Validation of the CT-BCM technique by assessment of its accuracy is reported in Chapter 2.

The hypothesis was that CT-BCM was at least as accurate as the RSA method. There are no

studies available that have measured the range of motion of the subtalar joint with an accurate

technique in-vivo. In Chapter 3, the normal ranges of motion of the subtalar joint are studied

in 20 healthy individuals using the CT-BCM technique.
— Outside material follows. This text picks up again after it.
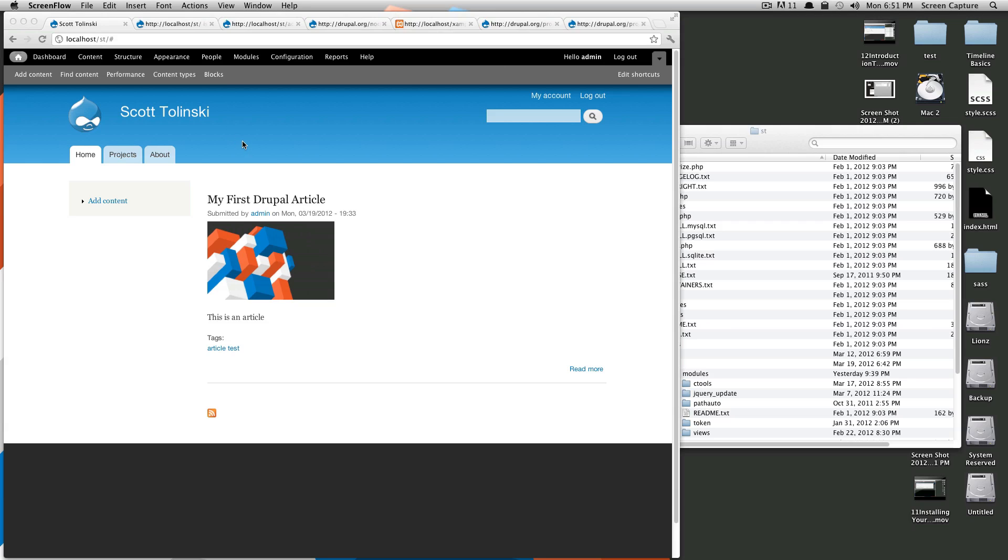What's up, this is Scott with Level Up Tuts and today we're going to be doing a little bit more with blocks. In the last lesson I gave you an introduction to what blocks are. Today we're just going to create a really basic block and we're going to add it to somewhere on our site.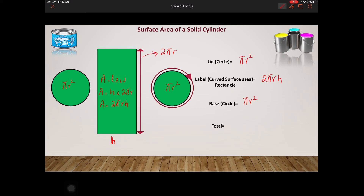Adding up all three faces: the lid is πr², the base is πr², and the curved surface area is 2πrh. So the total is πr² + 2πrh + πr² = 2πr² + 2πrh. This is how you calculate the total surface area of a solid cylinder.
Two frequently used surgical techniques for stage two adult acquired flatfoot deformity not

responding to conservative treatment combine the augmentation of the posterior tibial tendon

with a realignment osteotomy. The aim of these procedures is to help restore the normal

architecture of the foot. Both the calcaneocuboid distraction arthrodesis (CCDA) and the

anterior calcaneal open wedge osteotomy (ACDO) procedure result in lengthening of the

lateral bony column of the foot. The ACDO procedure was compared to the CCDA for lateral

column lengthening in patients with adult acquired flatfoot deformity in terms of

postoperative ranges of motion of the ankle and subtalar joint in Chapter 4. Our hypothesis

was that the ACDO is the preferred procedure in these patients as the CCDA has the possible

disadvantage of restricting hindfoot motion as the calcaneocuboid joint is fused. The CT-

BCM method that was validated in Chapter 2 was used.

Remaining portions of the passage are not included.